- [Task statement]
For the material below, return exactly the lines starting at the line containing "Casa em Milagres|" and ending at the line containing "Usata Toyota Aygo", both ends included, and no others.

= Beginning of Section =

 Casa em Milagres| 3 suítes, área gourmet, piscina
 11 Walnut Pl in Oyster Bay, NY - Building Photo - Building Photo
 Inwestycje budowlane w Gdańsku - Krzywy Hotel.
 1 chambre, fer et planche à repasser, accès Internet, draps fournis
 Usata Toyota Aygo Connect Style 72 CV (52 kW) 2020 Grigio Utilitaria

= End of Section =
= Beginning of Section =

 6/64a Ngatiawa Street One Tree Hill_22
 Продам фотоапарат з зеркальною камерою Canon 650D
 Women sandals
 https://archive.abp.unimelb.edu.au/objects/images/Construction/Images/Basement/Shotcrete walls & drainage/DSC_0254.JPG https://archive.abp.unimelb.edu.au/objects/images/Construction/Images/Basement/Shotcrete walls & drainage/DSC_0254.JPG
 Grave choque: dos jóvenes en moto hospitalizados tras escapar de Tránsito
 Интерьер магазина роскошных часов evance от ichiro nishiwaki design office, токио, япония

= End of Section =
= Beginning of Section =

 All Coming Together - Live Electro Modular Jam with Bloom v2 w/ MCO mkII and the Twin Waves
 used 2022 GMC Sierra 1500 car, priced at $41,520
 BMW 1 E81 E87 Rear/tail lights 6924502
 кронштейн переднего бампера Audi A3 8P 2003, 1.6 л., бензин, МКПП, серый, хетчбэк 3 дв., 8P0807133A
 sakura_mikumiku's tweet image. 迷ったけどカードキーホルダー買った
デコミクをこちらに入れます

= End of Section =

- [Written answer]
 Casa em Milagres| 3 suítes, área gourmet, piscina
 11 Walnut Pl in Oyster Bay, NY - Building Photo - Building Photo
 Inwestycje budowlane w Gdańsku - Krzywy Hotel.
 1 chambre, fer et planche à repasser, accès Internet, draps fournis
 Usata Toyota Aygo Connect Style 72 CV (52 kW) 2020 Grigio Utilitaria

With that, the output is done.